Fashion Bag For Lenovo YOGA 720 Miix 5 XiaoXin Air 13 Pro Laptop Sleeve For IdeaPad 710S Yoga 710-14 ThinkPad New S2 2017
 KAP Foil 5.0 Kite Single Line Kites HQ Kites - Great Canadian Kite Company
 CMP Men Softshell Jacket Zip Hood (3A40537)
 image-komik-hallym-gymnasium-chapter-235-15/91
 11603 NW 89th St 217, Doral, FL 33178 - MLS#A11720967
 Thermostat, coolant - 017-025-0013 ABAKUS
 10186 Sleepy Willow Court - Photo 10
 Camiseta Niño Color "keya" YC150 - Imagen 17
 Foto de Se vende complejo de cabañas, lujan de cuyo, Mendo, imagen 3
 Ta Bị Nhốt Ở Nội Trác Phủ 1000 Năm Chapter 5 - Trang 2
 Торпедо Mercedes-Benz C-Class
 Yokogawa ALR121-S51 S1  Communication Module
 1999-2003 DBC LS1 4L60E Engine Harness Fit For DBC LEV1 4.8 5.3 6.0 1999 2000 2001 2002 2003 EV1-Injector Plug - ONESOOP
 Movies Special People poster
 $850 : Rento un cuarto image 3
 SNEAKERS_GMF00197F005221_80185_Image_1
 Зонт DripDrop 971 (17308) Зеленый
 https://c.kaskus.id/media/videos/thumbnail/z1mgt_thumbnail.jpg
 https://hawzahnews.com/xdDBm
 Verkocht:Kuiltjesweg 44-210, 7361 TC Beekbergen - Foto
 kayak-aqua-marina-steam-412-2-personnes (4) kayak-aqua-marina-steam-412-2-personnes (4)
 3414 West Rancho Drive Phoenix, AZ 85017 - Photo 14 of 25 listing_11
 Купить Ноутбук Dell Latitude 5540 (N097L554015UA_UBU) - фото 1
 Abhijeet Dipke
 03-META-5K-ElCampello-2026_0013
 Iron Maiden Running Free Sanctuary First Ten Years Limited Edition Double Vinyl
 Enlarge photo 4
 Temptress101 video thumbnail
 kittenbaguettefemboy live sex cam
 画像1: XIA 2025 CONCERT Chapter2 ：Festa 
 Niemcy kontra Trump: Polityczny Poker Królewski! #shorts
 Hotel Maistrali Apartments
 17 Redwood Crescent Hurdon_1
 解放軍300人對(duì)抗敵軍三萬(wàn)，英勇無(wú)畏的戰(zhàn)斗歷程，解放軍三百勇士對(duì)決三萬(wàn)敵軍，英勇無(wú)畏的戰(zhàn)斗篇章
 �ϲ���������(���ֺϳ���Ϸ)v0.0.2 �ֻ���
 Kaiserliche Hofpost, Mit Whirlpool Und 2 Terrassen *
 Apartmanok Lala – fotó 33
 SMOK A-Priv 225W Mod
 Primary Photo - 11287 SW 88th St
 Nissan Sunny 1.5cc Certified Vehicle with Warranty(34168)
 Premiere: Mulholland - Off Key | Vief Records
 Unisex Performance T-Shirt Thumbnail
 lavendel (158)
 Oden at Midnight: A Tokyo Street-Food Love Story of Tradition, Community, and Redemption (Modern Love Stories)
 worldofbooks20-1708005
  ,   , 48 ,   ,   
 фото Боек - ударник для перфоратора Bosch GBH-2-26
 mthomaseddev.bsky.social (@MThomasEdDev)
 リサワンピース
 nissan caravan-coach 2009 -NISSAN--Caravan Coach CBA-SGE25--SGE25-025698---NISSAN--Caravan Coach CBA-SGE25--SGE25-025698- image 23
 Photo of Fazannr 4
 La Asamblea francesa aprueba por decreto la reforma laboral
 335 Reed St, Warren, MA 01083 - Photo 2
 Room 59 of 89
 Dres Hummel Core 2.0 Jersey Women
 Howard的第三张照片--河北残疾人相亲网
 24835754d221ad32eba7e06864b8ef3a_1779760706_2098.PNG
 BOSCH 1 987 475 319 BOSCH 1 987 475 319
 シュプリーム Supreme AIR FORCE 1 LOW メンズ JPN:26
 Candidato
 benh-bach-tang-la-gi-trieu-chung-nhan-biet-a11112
○ ○ ○
> _Your assignment_: If a line in the data above includes the string "фото", copy it.

> _Written solution_:
 Купить Ноутбук Dell Latitude 5540 (N097L554015UA_UBU) - фото 1
 фото Боек - ударник для перфоратора Bosch GBH-2-26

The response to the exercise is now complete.